[Recorded data]
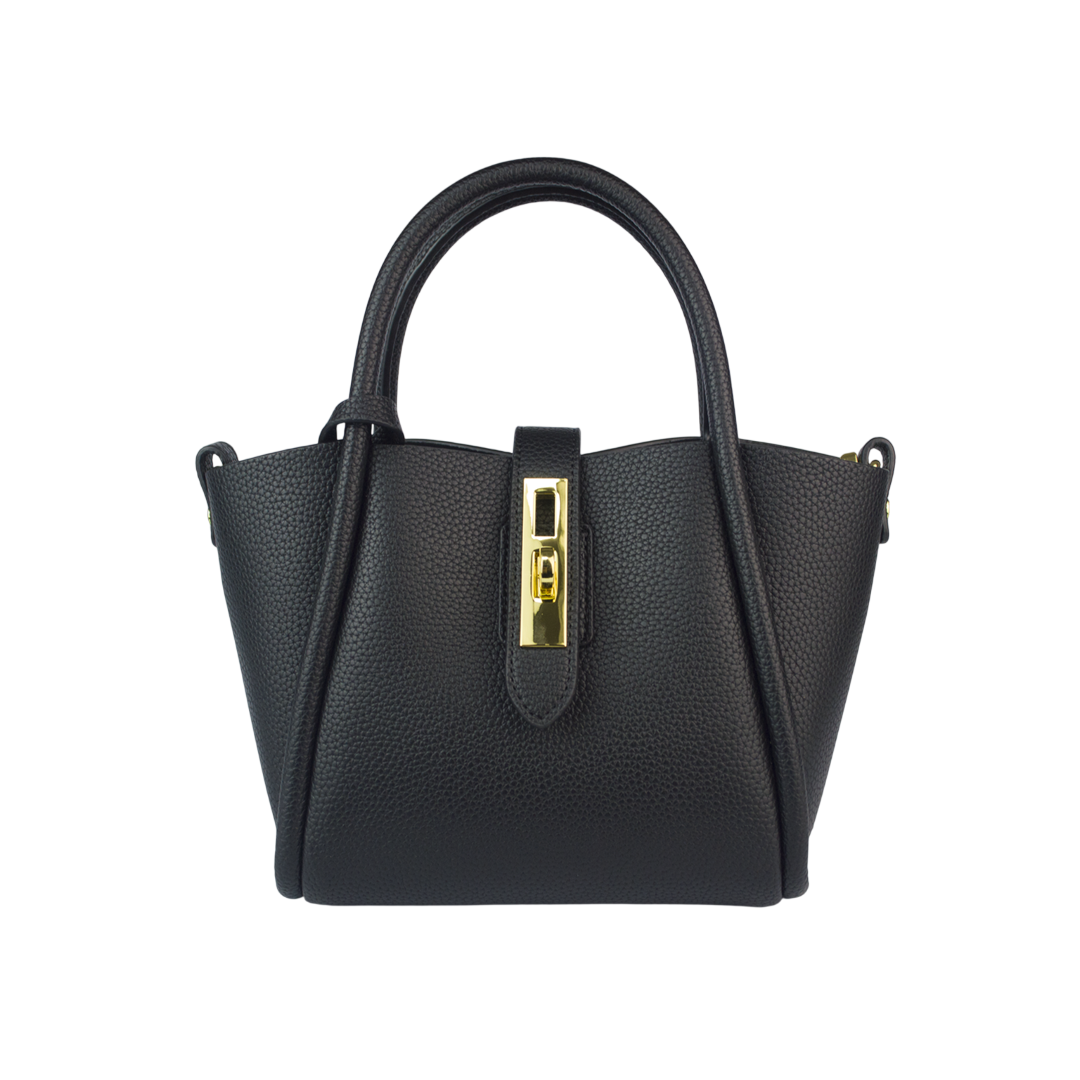 Nicole Handbag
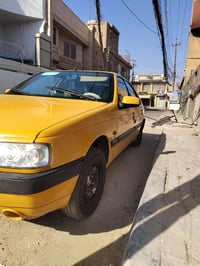 بيجو اكد • ٢٠١٦ • ما بيها ضربه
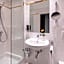 Hotel Prinz Eugen Vienna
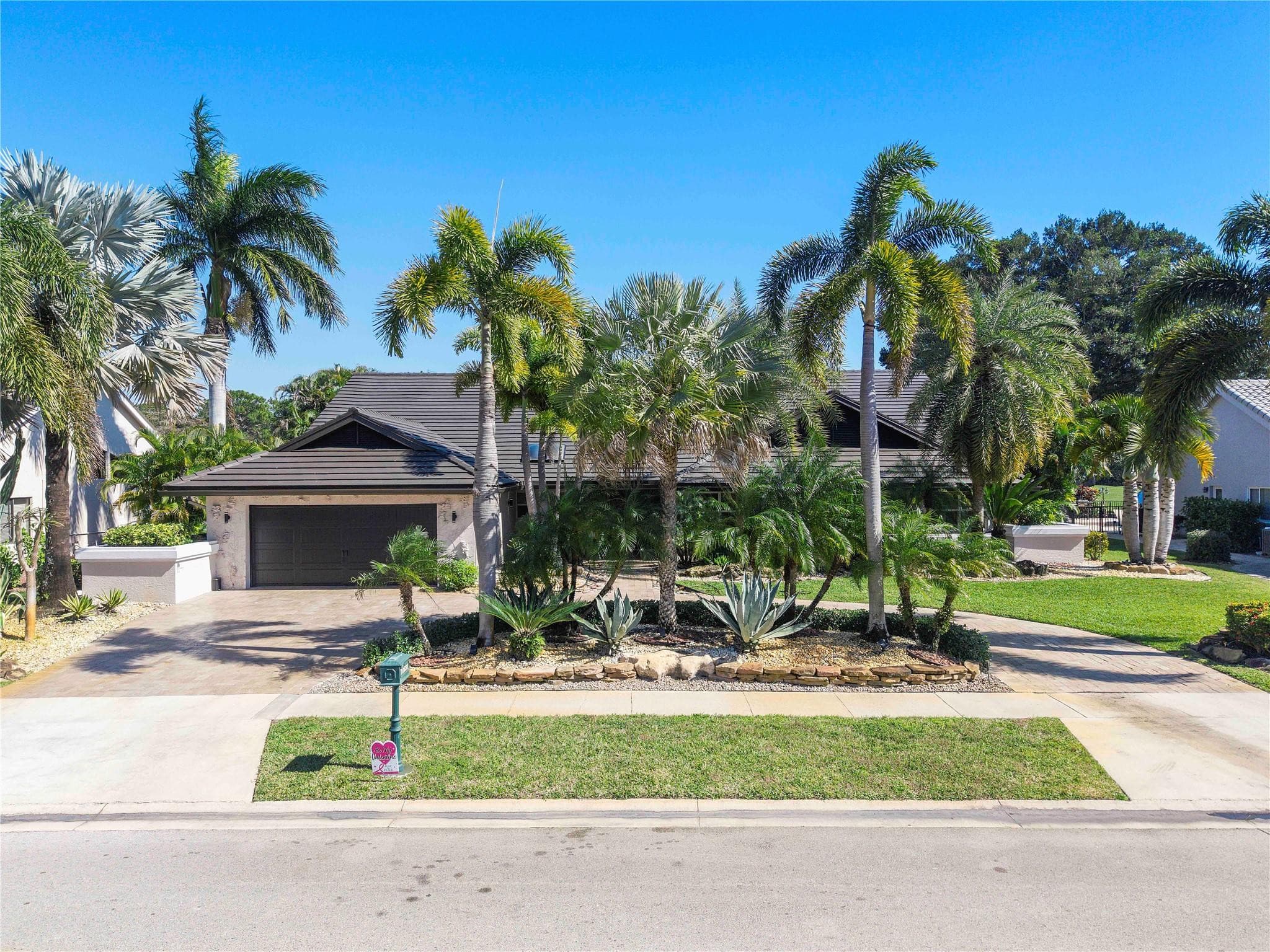 10630 Boca Woods Lane, Boca Raton, FL 33428 — photo 38 of 96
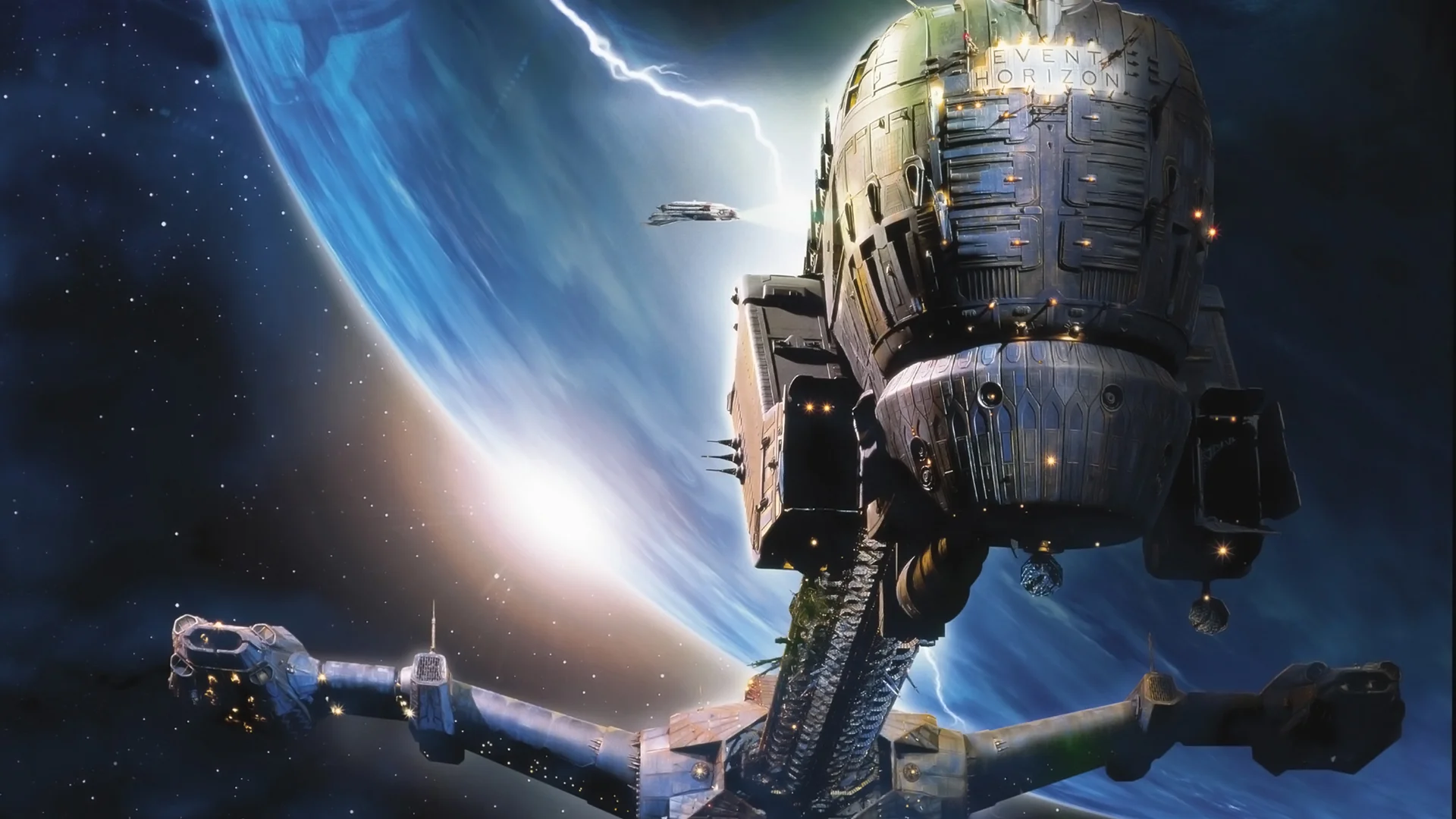 event-horizon.jpg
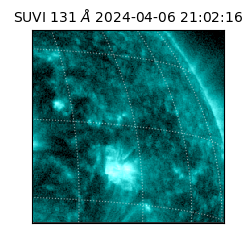 suvi - 2024-04-06T21:02:16.901000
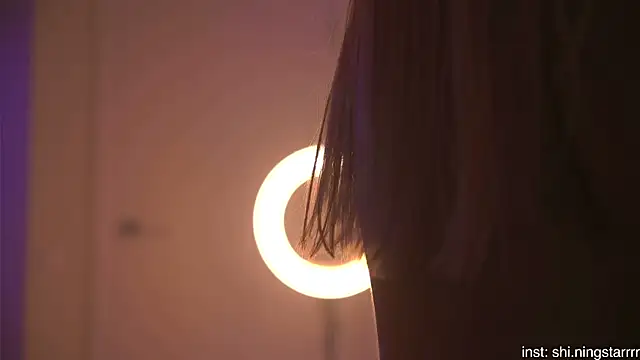 alittlestarrr online show from 02/27/25, 05:26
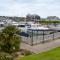 Marina View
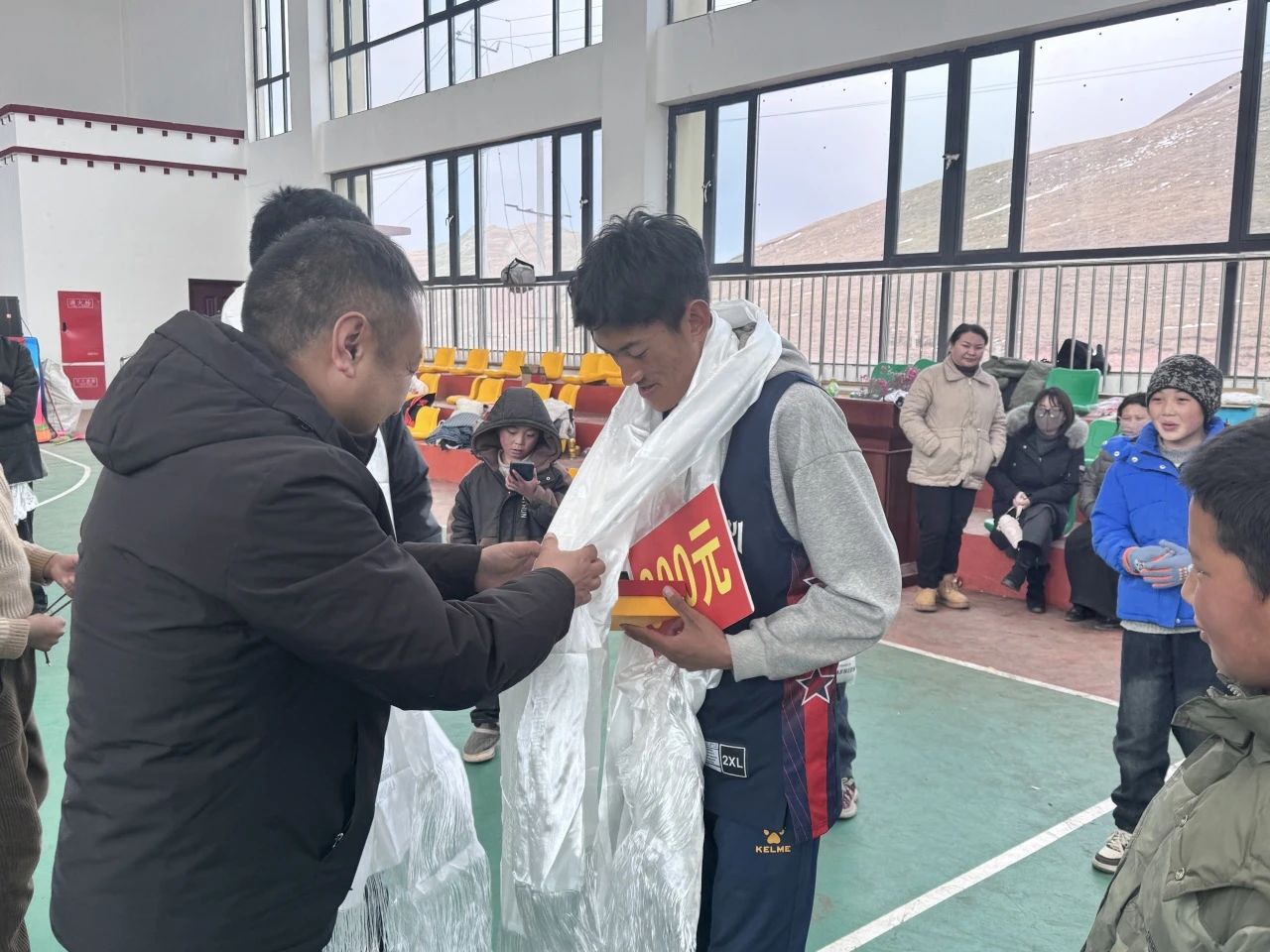 色尼区：“村BA”点燃乡村振兴新引擎.jpg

* **The task**:
Nothing but the lines from the line containing "event-horizon.jpg" through the end of the data, both ends included, is to be reproduced, exactly as written and without the pictures.

* **Output for this exercise**:
 event-horizon.jpg
 suvi - 2024-04-06T21:02:16.901000
 alittlestarrr online show from 02/27/25, 05:26
 Marina View
 色尼区：“村BA”点燃乡村振兴新引擎.jpg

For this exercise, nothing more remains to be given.